On the other hand, in order to change the open state to the closed state, a set mechanism (not shown), for example, a mechanism linked to the film winding mechanism of the camera, is used to move the armature holder 6 to the closed state.
This is done by returning the coil 2 to its old position and energizing the coil 2. This return operation charges the shutter mechanism of the camera with the driving force for the next time.

Thereafter, the driving operation is performed by repeating this operation.

According to this embodiment as described above, the yoke 1 constituting the electromagnet 3 and the armature 4, which is attached to and detached from the yoke 1 and which drives a driven part that requires a driving force greater than mere contact and separation, are connected. The surface is coated with a compound film 10 of nitride, carbide, and oxide.
11, the abrasion resistance is improved and the smoothness of the abutting surface can be maintained for a long period of time, and the durability can be significantly improved. In particular, the compound coating 10,
11 is formed in a liquid-free state by a vapor phase plating method such as a sputtering method without any cleaning process, so there is no possibility of organic matter adhering to the surface, and even after long-term use. There is no dirt on the contact surfaces between the electromagnet 3 and the armature 4, and from this point of view as well, durability can be improved. Furthermore, since there is no concentration control of the liquid, the control work can be made very easy.
Furthermore, since the compound coatings 10 and 11 formed by vapor phase plating have a uniform thickness, a flat adsorption surface can be formed and the holding power can be improved.

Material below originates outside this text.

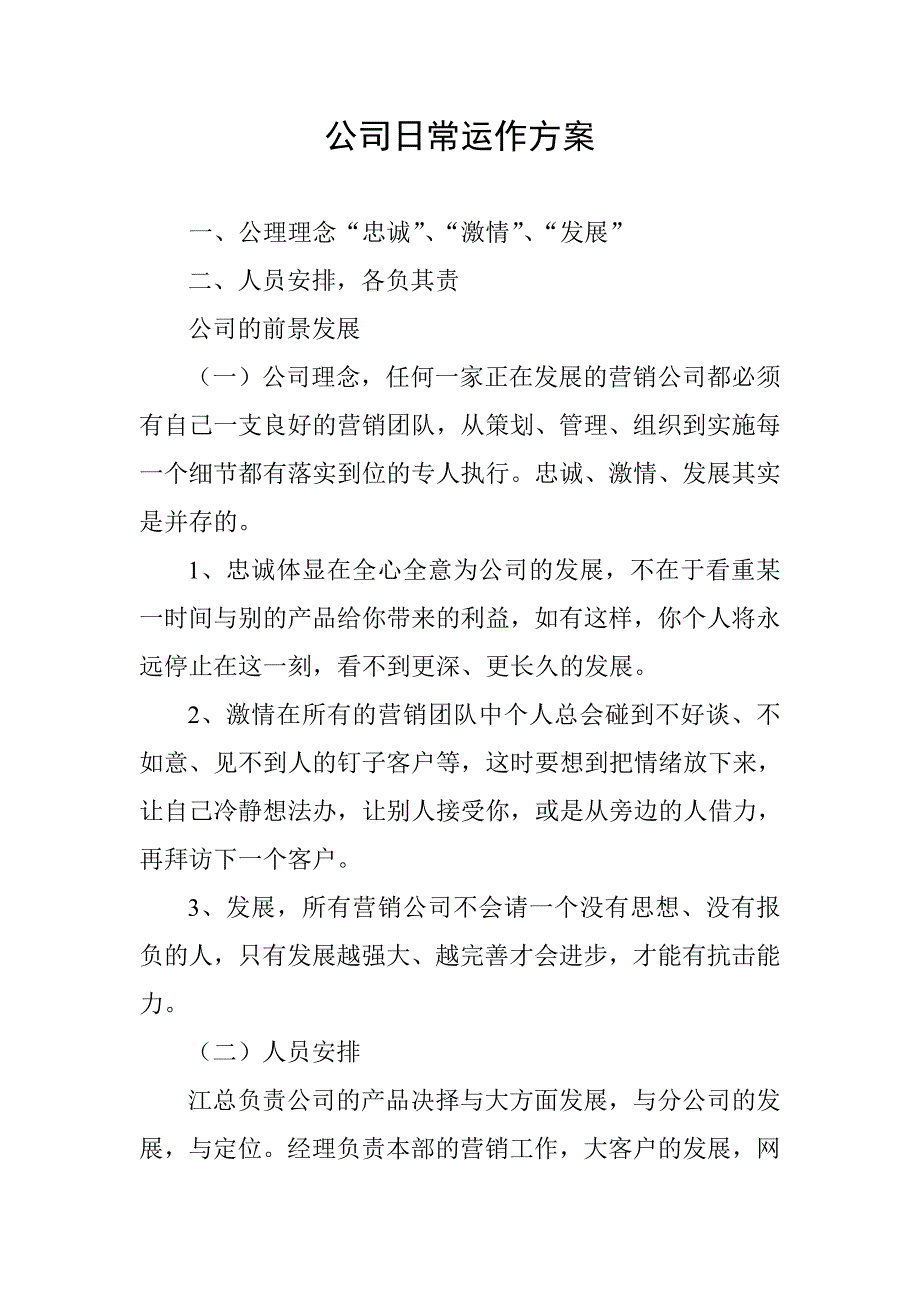 公司日常运作方案_第1页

Experiments have shown that it has sufficient holding power, with no deformation such as abrasion or staining of the contact part, even after tens of thousands of driving operations, which is about 10 times that of the conventional method. It could be confirmed. In addition, compound coating 1
Regarding the thickness of 0,11, a range of 0.1 to less than 1 μm is appropriate; if it becomes thicker than this, the magnetic properties will deteriorate when a non-magnetic compound is used. Furthermore, as the metal compound, compounds of magnetic materials such as nickel can also be used, but adhesion is not good in sputtering methods due to the application of a magnetic field, so methods using non-magnetic materials have yielded good results. .

In addition, in implementation, the electromagnet 3 may be a permanent magnet, and in this case, the coil 2 is connected to the armature 4.
It acts not for adsorption but for desorption.

As described above, the present invention has the effect of providing a durable magnetic drive device with little deterioration in characteristics even after long-term use.

[Brief explanation of the drawing]

FIG. 1 is a plan view showing a schematic structure of an embodiment of a magnetic drive device according to the present invention, and FIG. 2 is an enlarged sectional view of the main part of FIG. 1. 1... Yoke, 2... Coil, 3... Electromagnet,
4... Armature, 6... Armature holder, 9... Tension spring, 10, 11... Compound coating.

Claims (1)

[Scope of utility model registration request] In a magnetic drive device that includes a magnet and an armature that can be attached and detached from each other, and that drives a driven part that requires a driving force greater than mere contact and separation, the magnet and armature are brought into contact with each other by the attachment and detachment of the magnet and armature. A magnetic drive device characterized in that the surface thereof is provided with a nitride, carbide, or oxide compound film with a thickness of less than 1 μm.